Short text fragments from websites
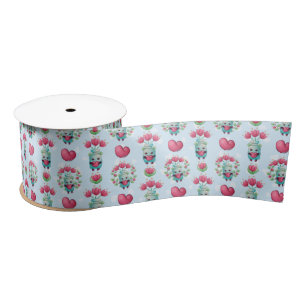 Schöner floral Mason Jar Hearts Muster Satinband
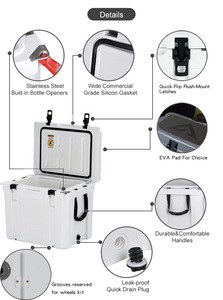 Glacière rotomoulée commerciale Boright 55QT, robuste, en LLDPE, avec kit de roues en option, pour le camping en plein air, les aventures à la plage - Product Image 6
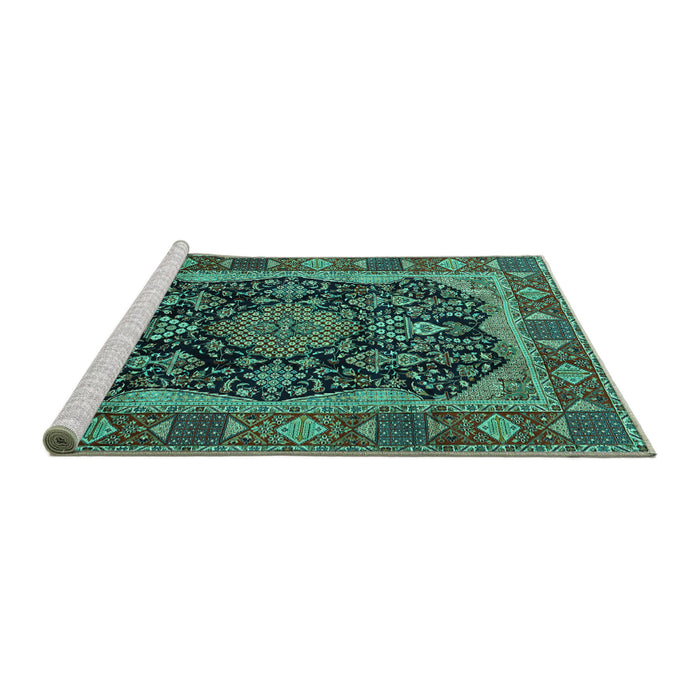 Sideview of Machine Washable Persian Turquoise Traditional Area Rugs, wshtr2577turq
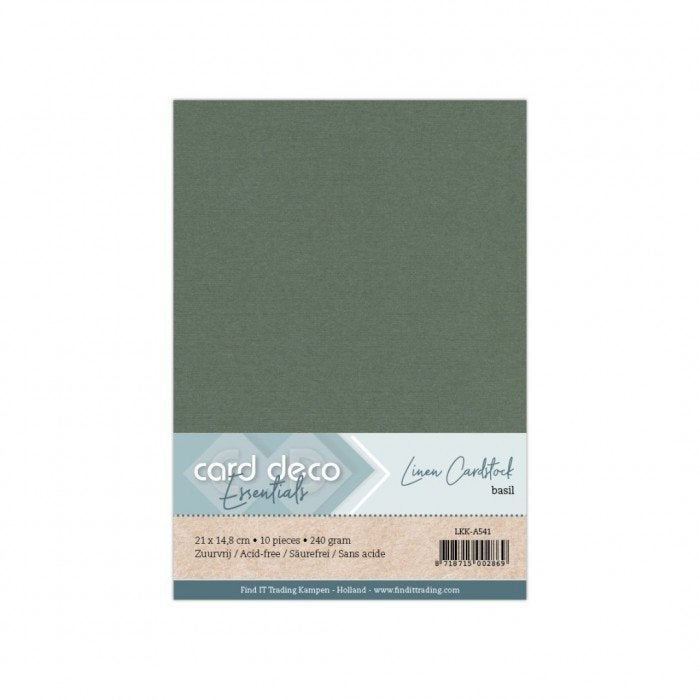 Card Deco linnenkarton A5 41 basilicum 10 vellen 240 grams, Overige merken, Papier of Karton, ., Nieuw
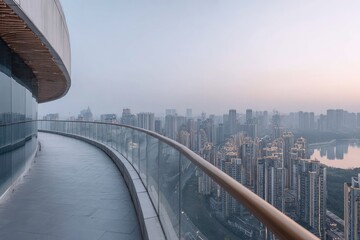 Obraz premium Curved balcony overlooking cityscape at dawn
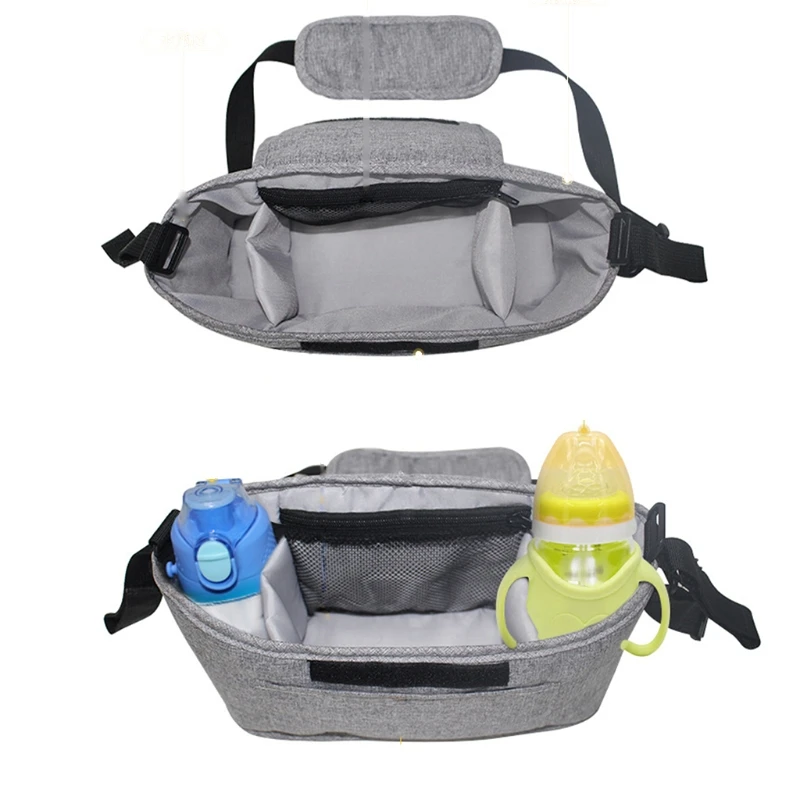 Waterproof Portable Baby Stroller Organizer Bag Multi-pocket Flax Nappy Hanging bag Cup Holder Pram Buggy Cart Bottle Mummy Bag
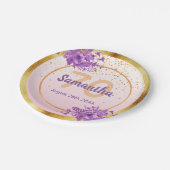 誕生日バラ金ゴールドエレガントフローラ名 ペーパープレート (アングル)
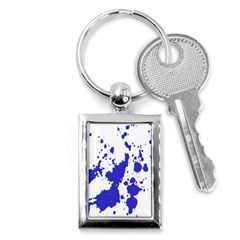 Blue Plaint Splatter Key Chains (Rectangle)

* Your objective *
Repeat exactly the lines from the one containing "Waterproof Portable Baby" to the last line of the data above, both included, and write no pictures into the copy.

* Completed exercise *
 Waterproof Portable Baby Stroller Organizer Bag Multi-pocket Flax Nappy Hanging bag Cup Holder Pram Buggy Cart Bottle Mummy Bag
 誕生日バラ金ゴールドエレガントフローラ名 ペーパープレート (アングル)
 Blue Plaint Splatter Key Chains (Rectangle)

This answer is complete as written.